Snug Harbor Cultural Center
Richmond Ter., Tysen St., Kissel Ave., Henderson Ave.
Staten Island, 10301, 10310
Directions via Google Maps
Snug Harbor Cultural Center
Located along the north shore of Staten Island near the ferry, Sailors Snug Harbor was originally built as a home for retired sailors, eventually becoming a cultural center for both Staten Island and the rest of New York.
The institution was founded in 1801 after Captain Robert Richard Randall’s (d. 1801) will specified that his Manhattan estate be used to start a marine hospital for “aged, decrepit and worn-out seamen.” The name Sailors Snug Harbor was suggested by Randall himself. At the time of his death, Randall’s estate, located north and east of modern-day Washington Square, was rural. By the time a protracted challenge to his will was settled, the land around the estate had changed dramatically, the city being developed around the area. Opting instead to maximize profits on the Manhattan property, Snug Harbor’s trustees relocated the proposed site to Staten Island, buying property around the harbor in 1831.
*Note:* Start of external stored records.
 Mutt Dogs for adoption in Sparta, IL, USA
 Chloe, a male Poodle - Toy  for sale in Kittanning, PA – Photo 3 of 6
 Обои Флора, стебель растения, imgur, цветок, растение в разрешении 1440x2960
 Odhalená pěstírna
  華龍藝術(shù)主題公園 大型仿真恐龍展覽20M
The first of Snug Harbor’s many buildings opened in 1833. Over time its initial group of 37 residents grew and more buildings were added, including the chapel, music hall, and more dormitories. Completed in 1830-31, Building C, the center building in a series of five Greek-revival style structures facing the water, is the home of the Main Hall of the Newhouse Gallery. The other four buildings were added in 1839-1841 and 1879-80, and are notable in that they exhibit a high degree of stylistic uniformity. The Chapel (1854) and its romantic Anglo-Italian style of architecture is also a landmark.
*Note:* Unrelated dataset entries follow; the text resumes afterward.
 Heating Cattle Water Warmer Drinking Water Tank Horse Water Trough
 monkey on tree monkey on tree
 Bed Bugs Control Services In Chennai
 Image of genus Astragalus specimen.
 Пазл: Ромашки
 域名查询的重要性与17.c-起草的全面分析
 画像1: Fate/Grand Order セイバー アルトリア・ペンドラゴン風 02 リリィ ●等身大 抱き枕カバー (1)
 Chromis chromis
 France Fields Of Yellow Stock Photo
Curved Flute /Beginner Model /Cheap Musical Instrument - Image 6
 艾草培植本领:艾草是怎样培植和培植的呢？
In the 1960s the Trustees of Snug Harbor considered demolishing the buildings and upgrading and modernizing the facilities. In 1965 The City Landmarks Preservation Commission stepped in, designating six of the structures on the site official landmarks. (Other landmarked features include the Gatehouse and the site’s perimeter wrought-iron fence, both designated in 1973.) When the State Department of Health ordered Snug Harbor to remedy fire hazards in the landmarked buildings in 1970, the Trustees again discussed trying to undo the designation. In the early 1970s the dilapidated Sung Harbor had become economically nonviable, and the Trustees announced that they would move the home to North Carolina, agreeing to sell the site to the City for market value. The first of three parcels, 14.5 acres containing the landmarked structures, were sold to the City for $1.8 million in 1972. The City could not purchase the entire property, and in the interim a developer had purchased the site’s other land for a potential residential project before the City stepped in to purchase the 65-acre parcel for $7.2 million. A third parcel in the northwest portion of the park was added in 1978.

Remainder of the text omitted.